• _Data extracts_
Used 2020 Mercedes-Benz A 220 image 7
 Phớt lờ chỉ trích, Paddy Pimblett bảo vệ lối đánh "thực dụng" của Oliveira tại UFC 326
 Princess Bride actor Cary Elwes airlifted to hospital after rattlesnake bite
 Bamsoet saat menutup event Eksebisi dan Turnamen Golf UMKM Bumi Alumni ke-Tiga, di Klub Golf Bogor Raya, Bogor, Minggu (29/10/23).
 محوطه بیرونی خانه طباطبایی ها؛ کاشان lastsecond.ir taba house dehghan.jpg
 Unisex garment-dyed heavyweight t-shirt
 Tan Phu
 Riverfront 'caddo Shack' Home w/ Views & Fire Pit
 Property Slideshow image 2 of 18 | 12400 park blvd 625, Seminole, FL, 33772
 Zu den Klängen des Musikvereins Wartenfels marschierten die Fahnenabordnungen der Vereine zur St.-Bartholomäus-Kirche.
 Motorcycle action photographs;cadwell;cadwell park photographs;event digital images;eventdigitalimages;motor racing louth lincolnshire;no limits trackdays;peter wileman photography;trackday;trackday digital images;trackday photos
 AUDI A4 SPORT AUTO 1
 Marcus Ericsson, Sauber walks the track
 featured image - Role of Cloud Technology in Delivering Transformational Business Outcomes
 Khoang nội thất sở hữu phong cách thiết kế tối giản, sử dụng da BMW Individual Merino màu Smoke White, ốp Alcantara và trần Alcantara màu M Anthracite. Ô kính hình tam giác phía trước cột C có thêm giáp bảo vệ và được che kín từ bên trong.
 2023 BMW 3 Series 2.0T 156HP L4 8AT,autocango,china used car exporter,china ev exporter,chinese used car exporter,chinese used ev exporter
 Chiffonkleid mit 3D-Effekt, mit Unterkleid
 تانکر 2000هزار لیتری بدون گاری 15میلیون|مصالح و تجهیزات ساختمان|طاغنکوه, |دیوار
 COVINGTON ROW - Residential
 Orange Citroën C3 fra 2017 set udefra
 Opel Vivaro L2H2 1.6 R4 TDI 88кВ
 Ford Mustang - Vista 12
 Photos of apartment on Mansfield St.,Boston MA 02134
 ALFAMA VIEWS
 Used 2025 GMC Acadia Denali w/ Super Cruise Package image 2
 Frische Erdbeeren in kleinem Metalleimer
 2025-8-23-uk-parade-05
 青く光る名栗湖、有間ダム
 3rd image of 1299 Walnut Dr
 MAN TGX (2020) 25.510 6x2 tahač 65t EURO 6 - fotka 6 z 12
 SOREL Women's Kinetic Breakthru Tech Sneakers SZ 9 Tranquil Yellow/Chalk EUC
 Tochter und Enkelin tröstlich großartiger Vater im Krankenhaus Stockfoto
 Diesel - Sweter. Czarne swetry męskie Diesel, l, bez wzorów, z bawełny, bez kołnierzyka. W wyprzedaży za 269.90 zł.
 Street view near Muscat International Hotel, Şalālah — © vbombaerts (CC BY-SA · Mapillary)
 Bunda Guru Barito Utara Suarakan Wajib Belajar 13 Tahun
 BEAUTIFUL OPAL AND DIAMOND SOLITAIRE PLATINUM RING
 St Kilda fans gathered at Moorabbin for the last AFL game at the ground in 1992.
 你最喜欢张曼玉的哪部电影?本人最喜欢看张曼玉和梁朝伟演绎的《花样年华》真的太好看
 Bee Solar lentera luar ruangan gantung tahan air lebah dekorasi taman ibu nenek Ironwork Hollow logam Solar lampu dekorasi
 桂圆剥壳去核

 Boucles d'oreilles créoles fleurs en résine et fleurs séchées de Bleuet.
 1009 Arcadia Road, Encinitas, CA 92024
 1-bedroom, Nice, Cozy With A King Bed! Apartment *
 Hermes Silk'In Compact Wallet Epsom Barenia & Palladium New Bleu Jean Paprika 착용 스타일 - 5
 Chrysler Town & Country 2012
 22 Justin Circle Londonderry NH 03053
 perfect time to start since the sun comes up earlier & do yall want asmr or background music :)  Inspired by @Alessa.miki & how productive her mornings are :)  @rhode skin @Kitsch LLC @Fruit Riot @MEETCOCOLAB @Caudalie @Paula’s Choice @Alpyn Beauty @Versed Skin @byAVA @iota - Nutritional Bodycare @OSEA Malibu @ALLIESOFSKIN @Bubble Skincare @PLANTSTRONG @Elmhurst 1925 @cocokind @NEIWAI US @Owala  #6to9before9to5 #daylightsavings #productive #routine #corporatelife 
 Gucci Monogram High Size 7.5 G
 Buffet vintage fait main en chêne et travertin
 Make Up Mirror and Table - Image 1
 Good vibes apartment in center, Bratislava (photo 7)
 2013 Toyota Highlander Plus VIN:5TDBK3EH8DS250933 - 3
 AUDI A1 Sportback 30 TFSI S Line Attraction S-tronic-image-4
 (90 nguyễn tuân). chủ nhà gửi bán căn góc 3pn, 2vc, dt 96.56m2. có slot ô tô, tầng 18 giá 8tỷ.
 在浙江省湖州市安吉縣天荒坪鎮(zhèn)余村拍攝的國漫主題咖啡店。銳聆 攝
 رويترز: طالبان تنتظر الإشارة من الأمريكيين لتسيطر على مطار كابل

• _Required action_
Transcribe exactly, and only, the lines from the one with "(90 nguyễn tuân)." through the last line of the data.

• _Task solution_
 (90 nguyễn tuân). chủ nhà gửi bán căn góc 3pn, 2vc, dt 96.56m2. có slot ô tô, tầng 18 giá 8tỷ.
 在浙江省湖州市安吉縣天荒坪鎮(zhèn)余村拍攝的國漫主題咖啡店。銳聆 攝
 رويترز: طالبان تنتظر الإشارة من الأمريكيين لتسيطر على مطار كابل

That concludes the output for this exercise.